Quando se faz parte da classe vencedora da economia e se é financiado por vencedores ainda maiores, como muitos políticos são, suas tentativas de criar uma legislação sobre o clima provavelmente serão guiadas pela ideia de que a mudança deve ser mínima e o menos desafiadora possível ao status quo. Afinal, o status quo está funcionando bem para você e seus doadores. Líderes com raízes em comunidades que estão sendo notoriamente reprovados pelo sistema atual, por outro lado, estão liberados para adotar uma abordagem muito diferente. Suas políticas climáticas podem abranger mudanças profundas e sistêmicas – incluindo a necessidade de investimentos maciços em transporte público, moradia acessível e assistência médica –, porque é justamente desse tipo de mudança que suas bases precisam para prosperar.
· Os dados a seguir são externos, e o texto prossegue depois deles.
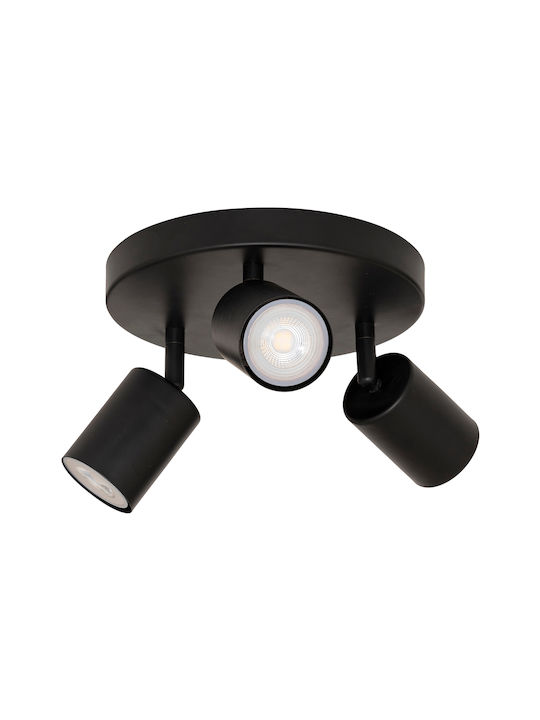Dreifach Spot mit Fassung GU10 in Schwarz Farbe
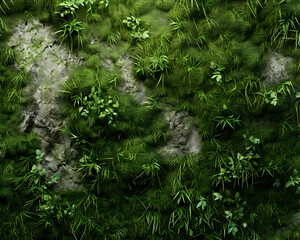 Green moss on the rocks 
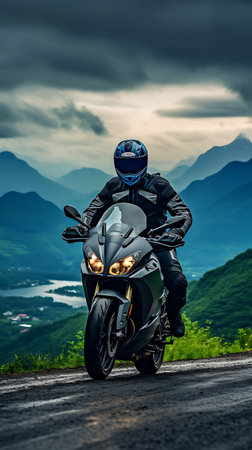 motorcycle rider on the road in the mountains on a cloudy dayの素材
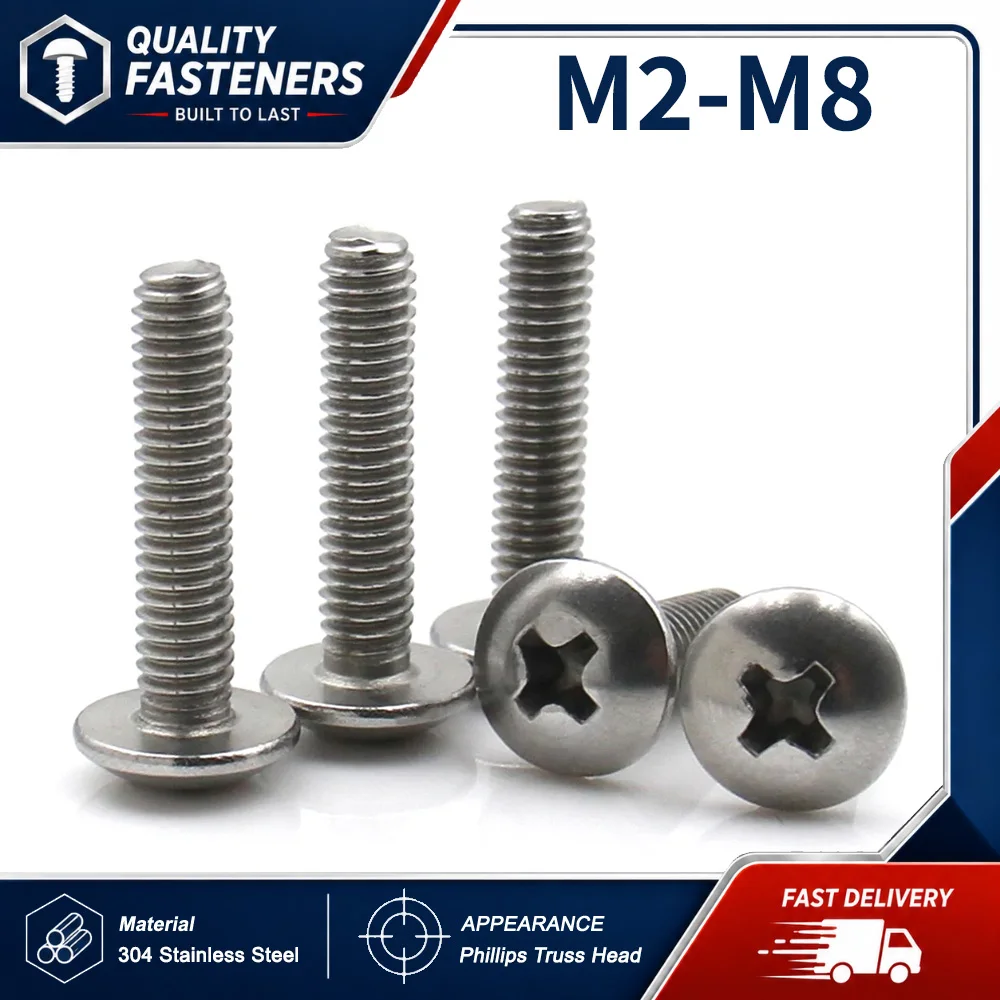 5-30PCS 304 Stainless Steel Phillips Truss Head Screws Low Profile Wide Head Machine Screw Bolts M2 M2.5 M3 M4 M5 M6 M8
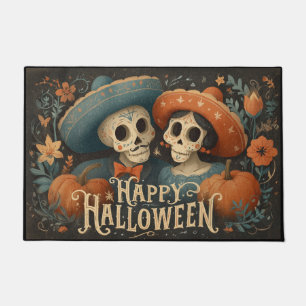 ハロウィンを祝おう!カボチャを持つフォークスタイルのドクロ夫婦 ドアマット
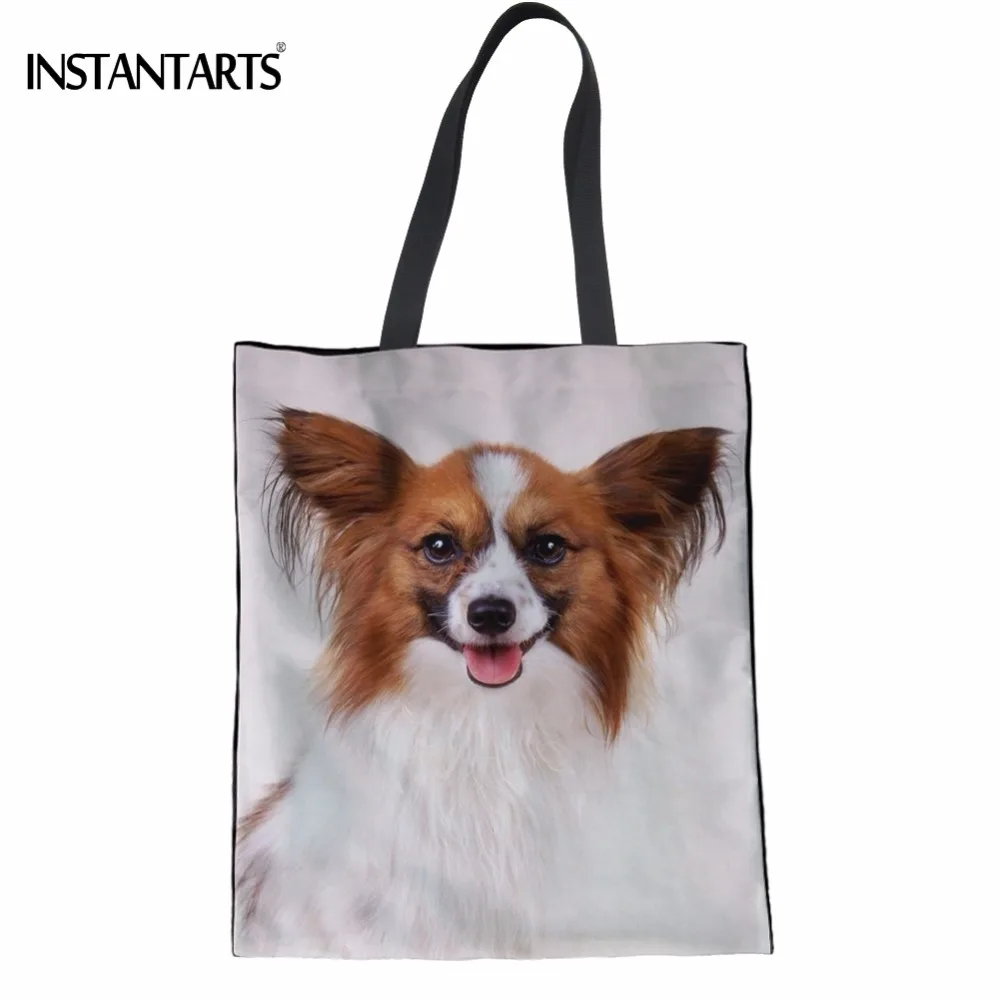 

INSTANTARTS Cute Papillon Dog Print Women Linen Shopping Bags Casual Lady Supermarket Recycled Eco Bags Cotton Friendly Tote Bag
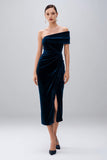 Marinblå One Shoulder Midi Slida Sammet Formell Klänning med slits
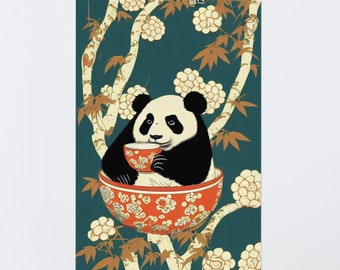 Vintage Panda Tea Cup - Etsy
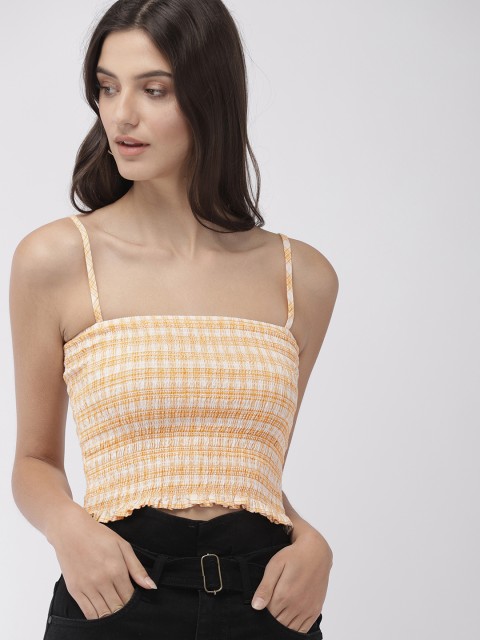 

FOREVER 21 Women Mustard Yellow & White Striped Fitted Pure Cotton Top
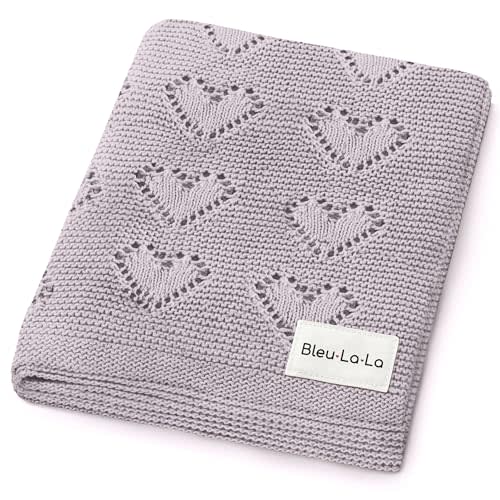 Heirloom Heart Knit Baby Blanket for Girls 100% Cotton Knit Swaddling Baby Blanket - Soft Warm Cozy Swaddle Receiving Cuddle Stroller Blanket for Newborns, Infants, & Toddlers (Lavender)
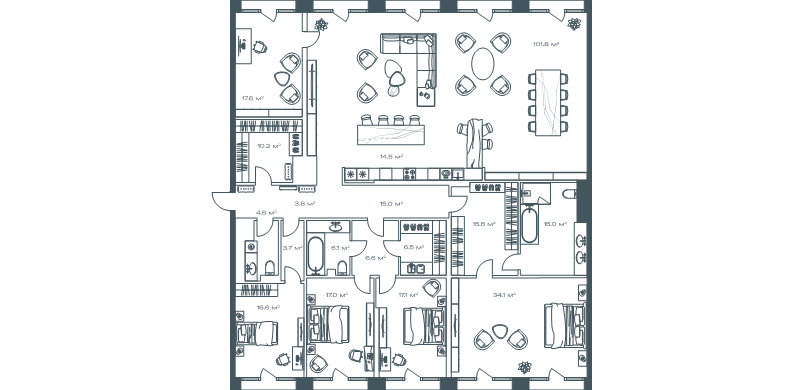 6 ккв (Евро) 305,9 м²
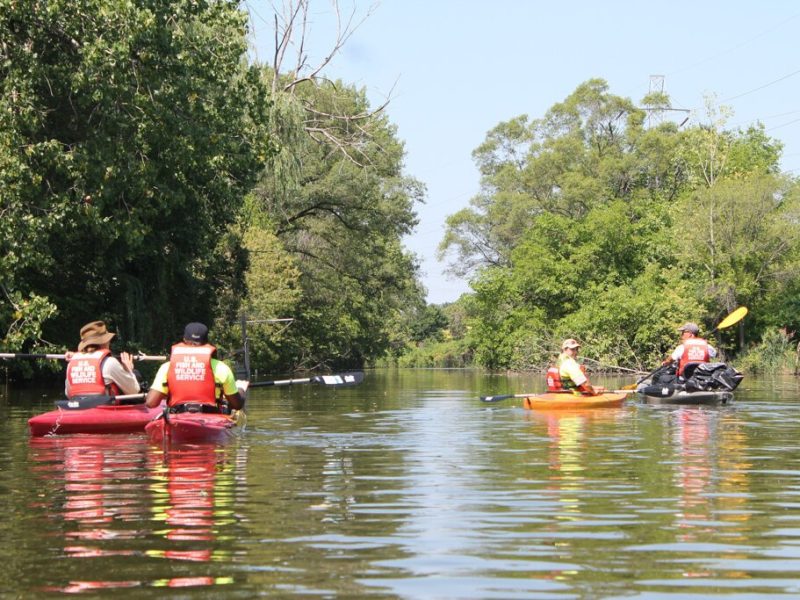 Community members explore Ecorse Creek. Photo by  Quentin Rodriguez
Como as organizações de justiça climática vêm discutindo há muitos anos, quando as pessoas que mais têm a ganhar lideram o movimento, elas lutam para vencer.

Outro aspecto revolucionário de um New Deal Verde é que ele é baseado no mais famoso estímulo econômico de todos os tempos, o que o torna à prova de recessão. Quando a economia global entrar em outra recessão, o que certamente irá acontecer, o apoio a esse modelo de ação climática não cairá, como ocorreu com todas as outras grandes iniciativas verdes durante recessões passadas. Em vez disso, o apoio aumentará, uma vez que um estímulo em larga escala se tornará a maior esperança de reavivar a economia.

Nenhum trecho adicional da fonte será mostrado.